### MATERIAL PROVIDED ###
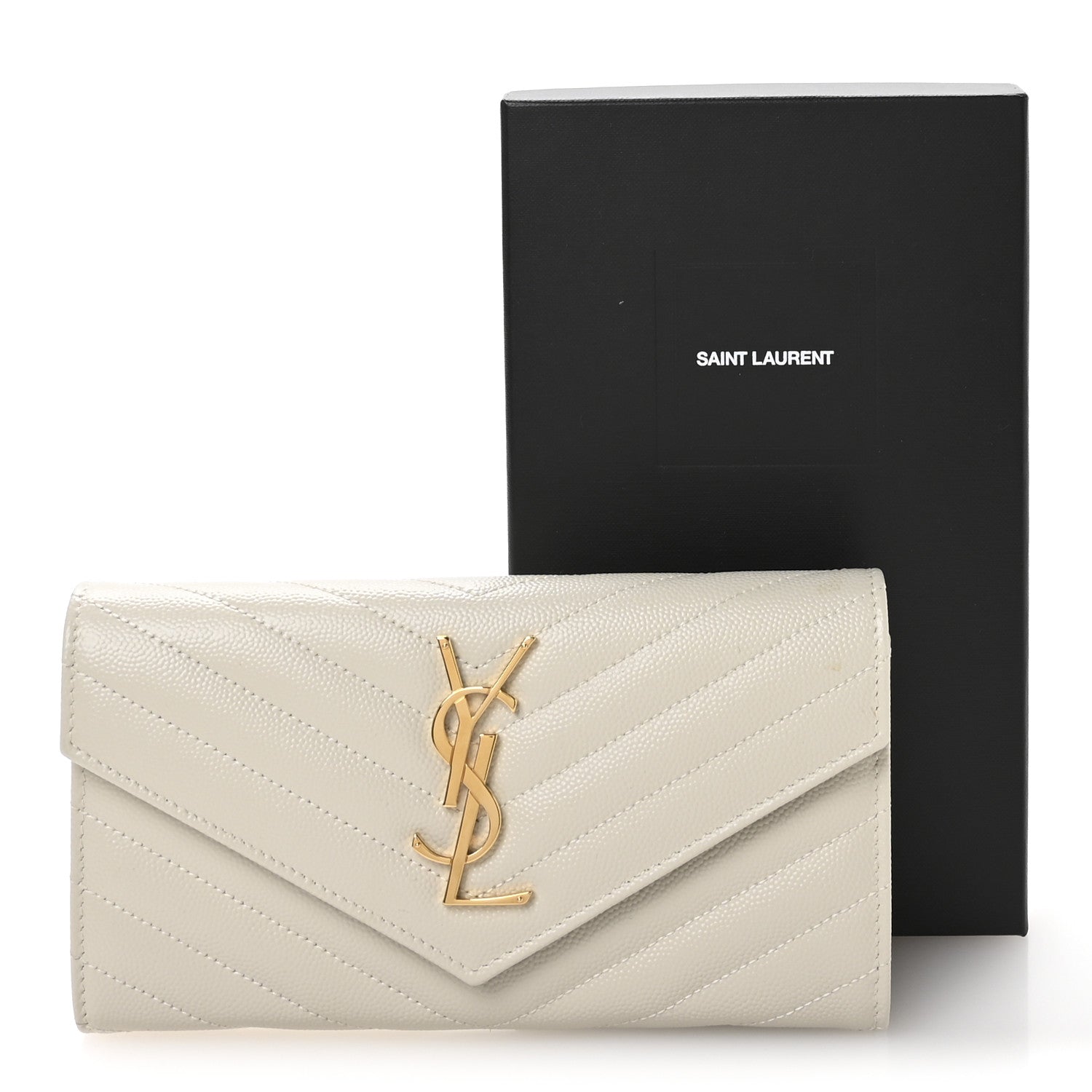 Grain De Poudre Matelasse Chevron Monogram Flap Wallet Crema Soft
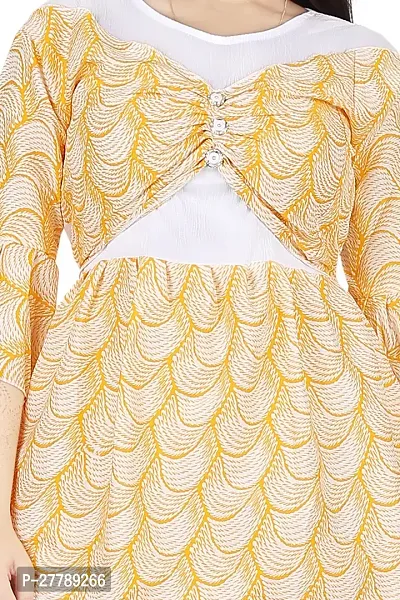 Stylish Yellow Chiffon Printed Dress For Women-thumb3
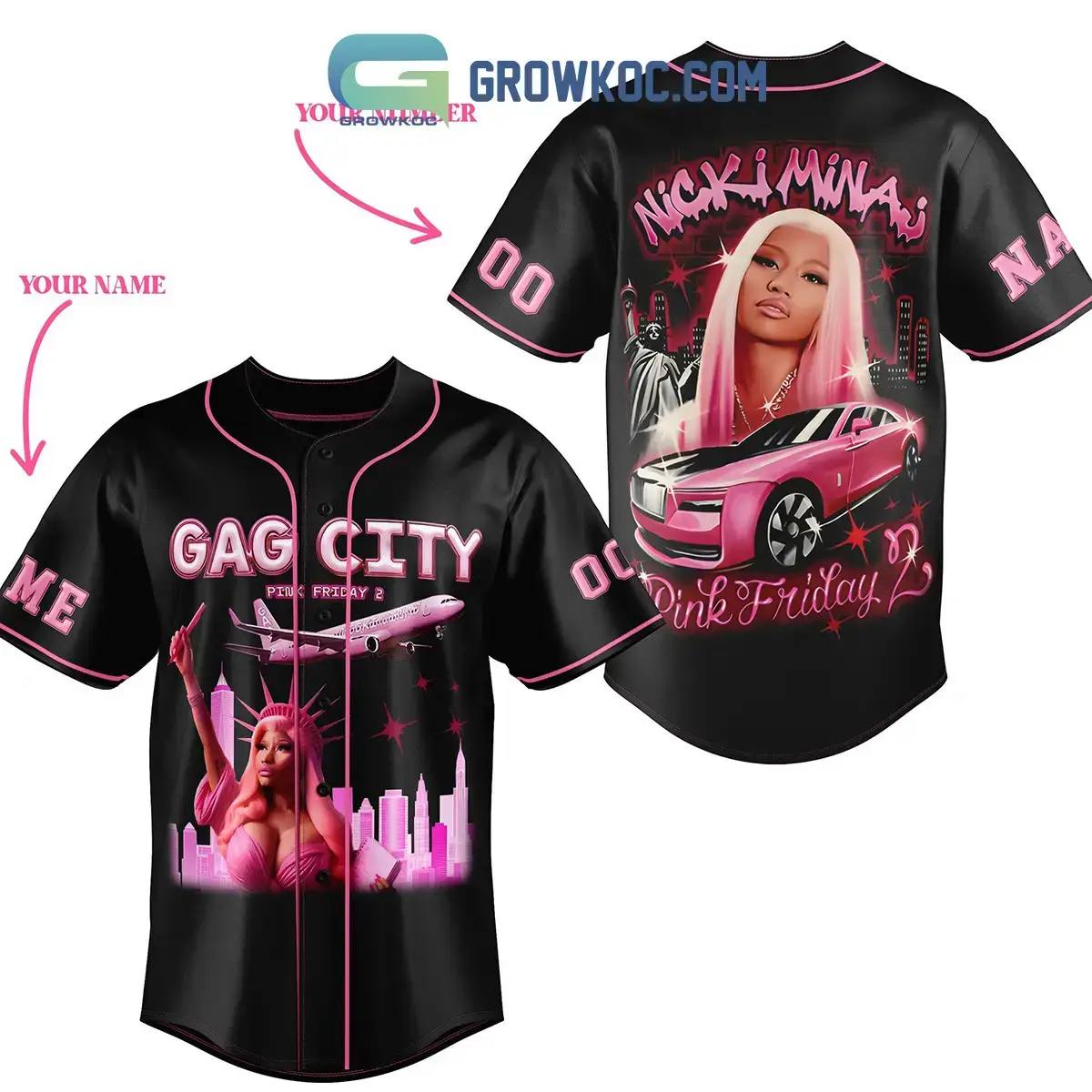 Nicki Minaj Pink Friday 2 Tour In Gaga City Personalized Baseball Jersey Image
###
- YOUR ASSIGNMENT
Nothing but the text of the listing should be set down, exactly, with the pictures left behind.

- YOUR SOLUTION
 Grain De Poudre Matelasse Chevron Monogram Flap Wallet Crema Soft
 Stylish Yellow Chiffon Printed Dress For Women-thumb3
 Nicki Minaj Pink Friday 2 Tour In Gaga City Personalized Baseball Jersey Image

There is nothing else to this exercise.